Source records

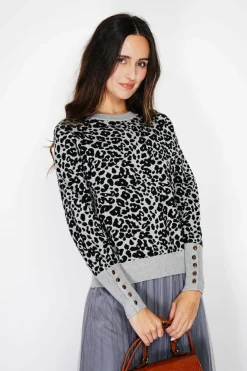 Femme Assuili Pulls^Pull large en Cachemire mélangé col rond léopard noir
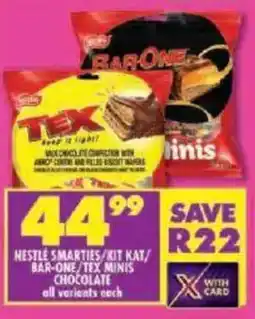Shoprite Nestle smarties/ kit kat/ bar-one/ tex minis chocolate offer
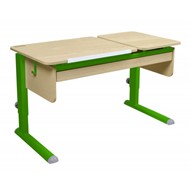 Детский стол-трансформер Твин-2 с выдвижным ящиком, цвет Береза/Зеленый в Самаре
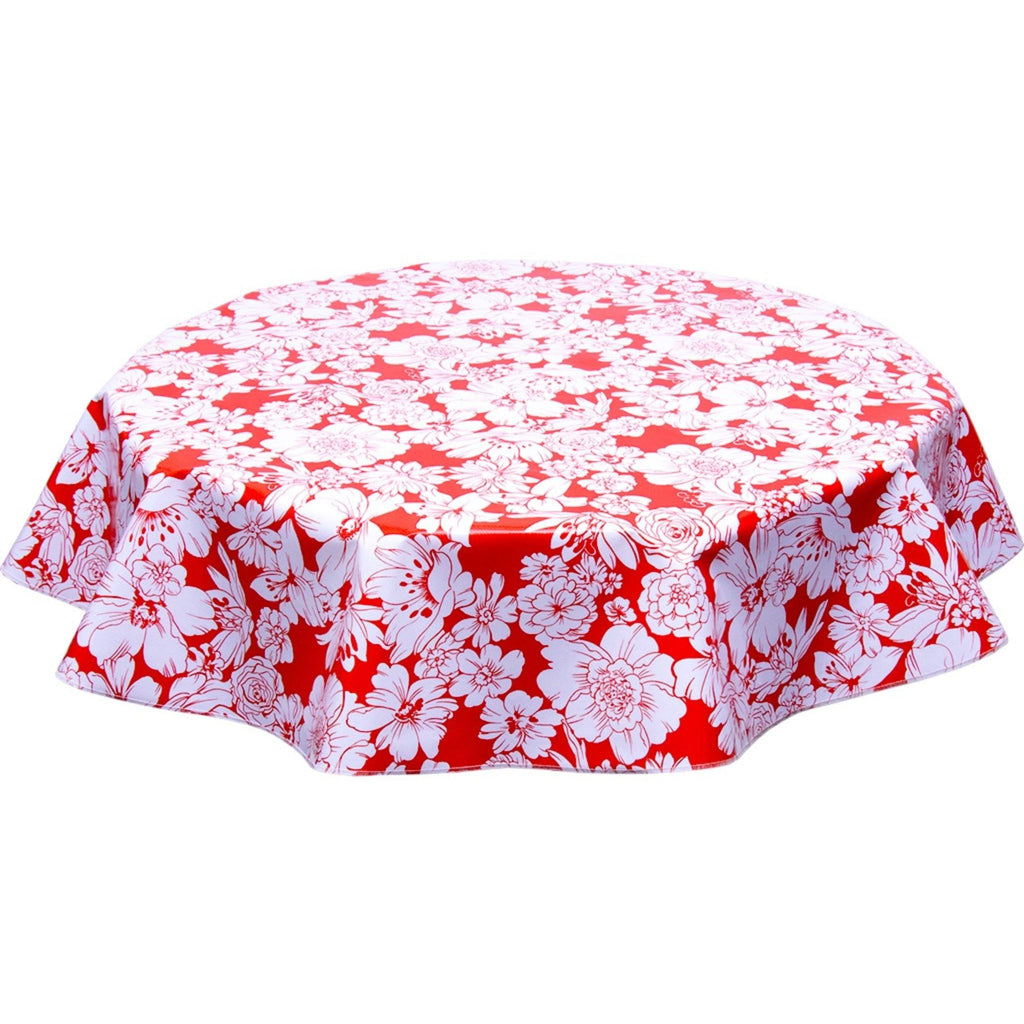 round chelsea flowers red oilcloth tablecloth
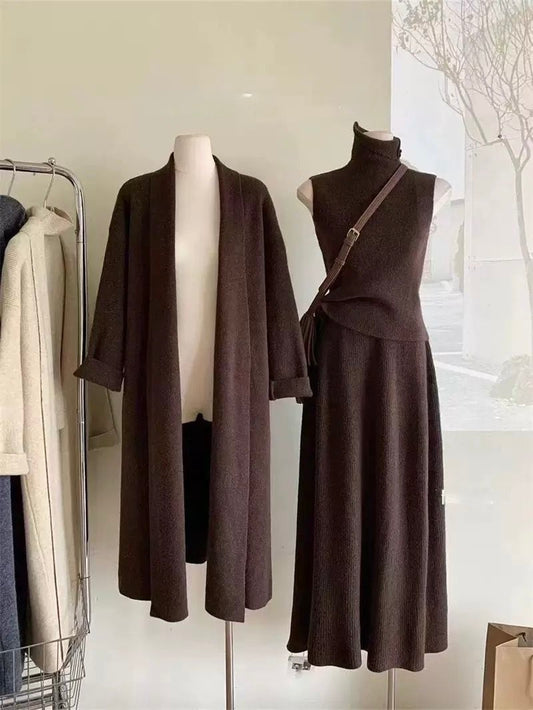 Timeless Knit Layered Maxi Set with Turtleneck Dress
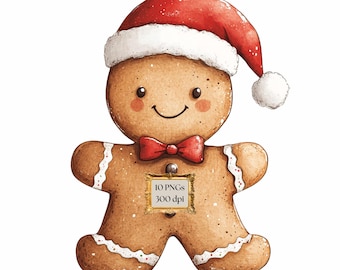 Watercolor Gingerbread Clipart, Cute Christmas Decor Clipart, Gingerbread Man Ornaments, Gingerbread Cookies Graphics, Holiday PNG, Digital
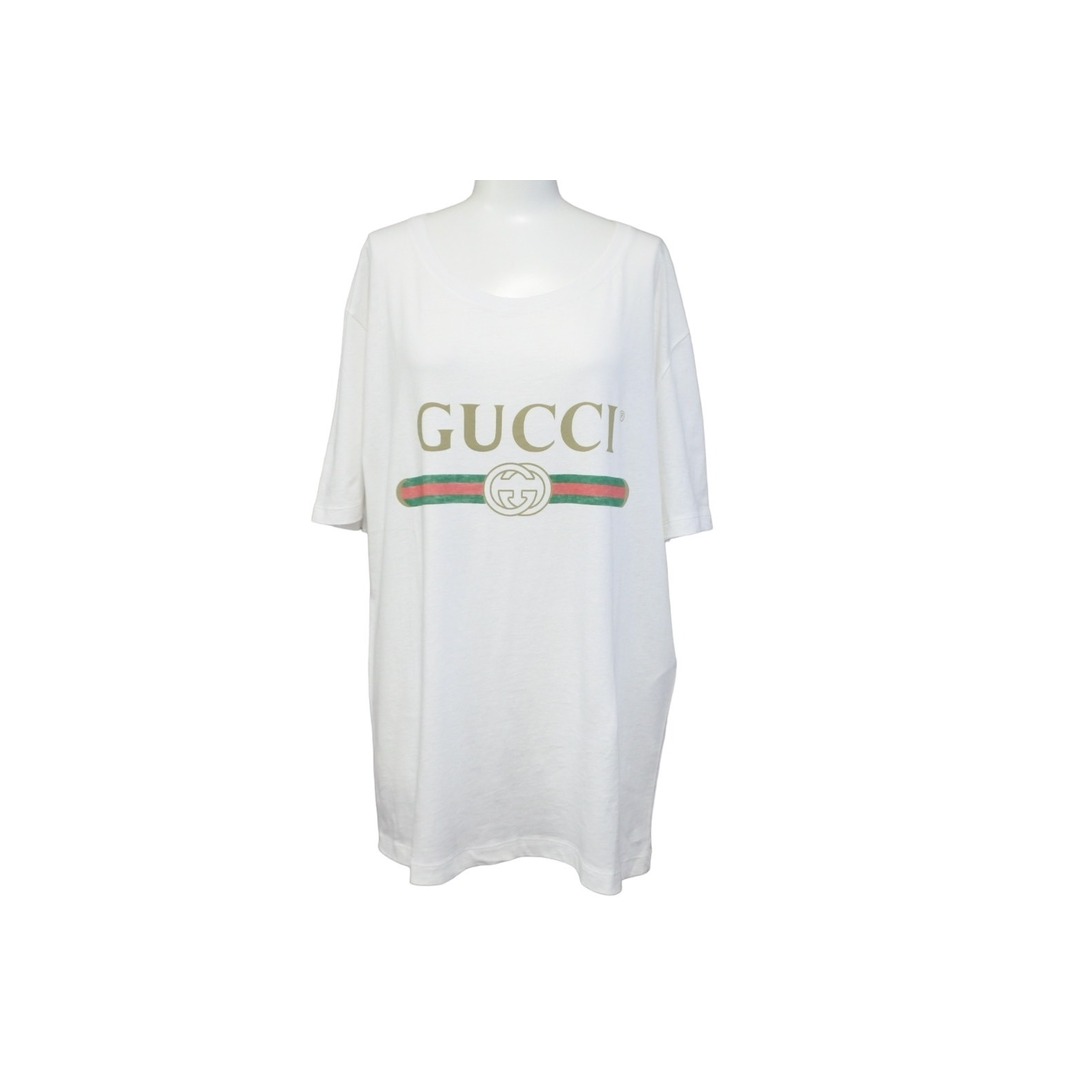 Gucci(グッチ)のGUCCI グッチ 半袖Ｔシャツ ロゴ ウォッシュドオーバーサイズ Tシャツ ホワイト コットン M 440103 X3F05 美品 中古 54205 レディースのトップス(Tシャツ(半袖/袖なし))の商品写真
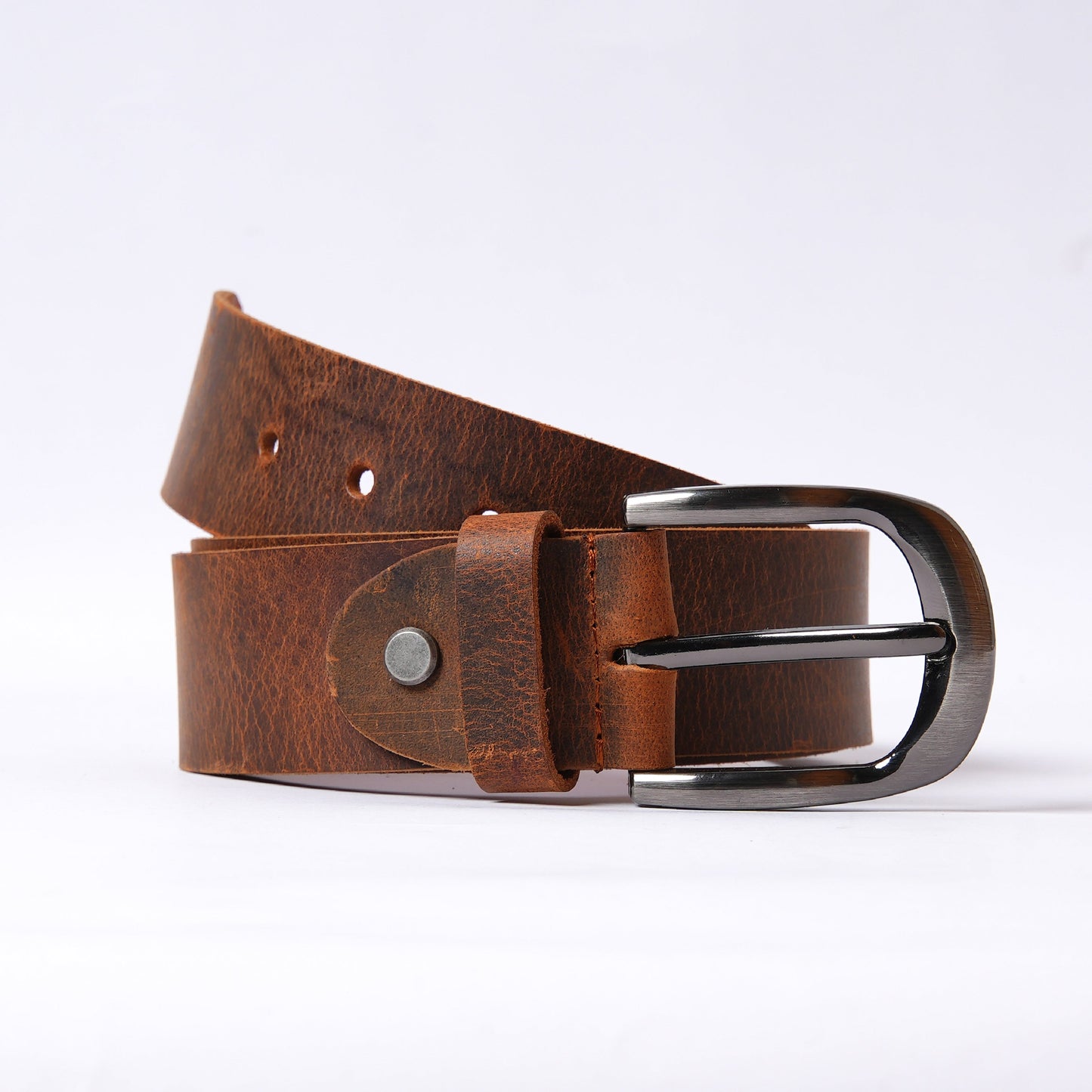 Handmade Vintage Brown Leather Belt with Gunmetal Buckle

§ **TASK STATEMENT**
Skip the pictures and output all entries exactly.

§ **TASK RESPONSE**
 Femme Assuili Pulls^Pull large en Cachemire mélangé col rond léopard noir
Shoprite Nestle smarties/ kit kat/ bar-one/ tex minis chocolate offer
 Детский стол-трансформер Твин-2 с выдвижным ящиком, цвет Береза/Зеленый в Самаре
 round chelsea flowers red oilcloth tablecloth
 Timeless Knit Layered Maxi Set with Turtleneck Dress
 Watercolor Gingerbread Clipart, Cute Christmas Decor Clipart, Gingerbread Man Ornaments, Gingerbread Cookies Graphics, Holiday PNG, Digital
 Gucci(グッチ)のGUCCI グッチ 半袖Ｔシャツ ロゴ ウォッシュドオーバーサイズ Tシャツ ホワイト コットン M 440103 X3F05 美品 中古 54205 レディースのトップス(Tシャツ(半袖/袖なし))の商品写真
 Handmade Vintage Brown Leather Belt with Gunmetal Buckle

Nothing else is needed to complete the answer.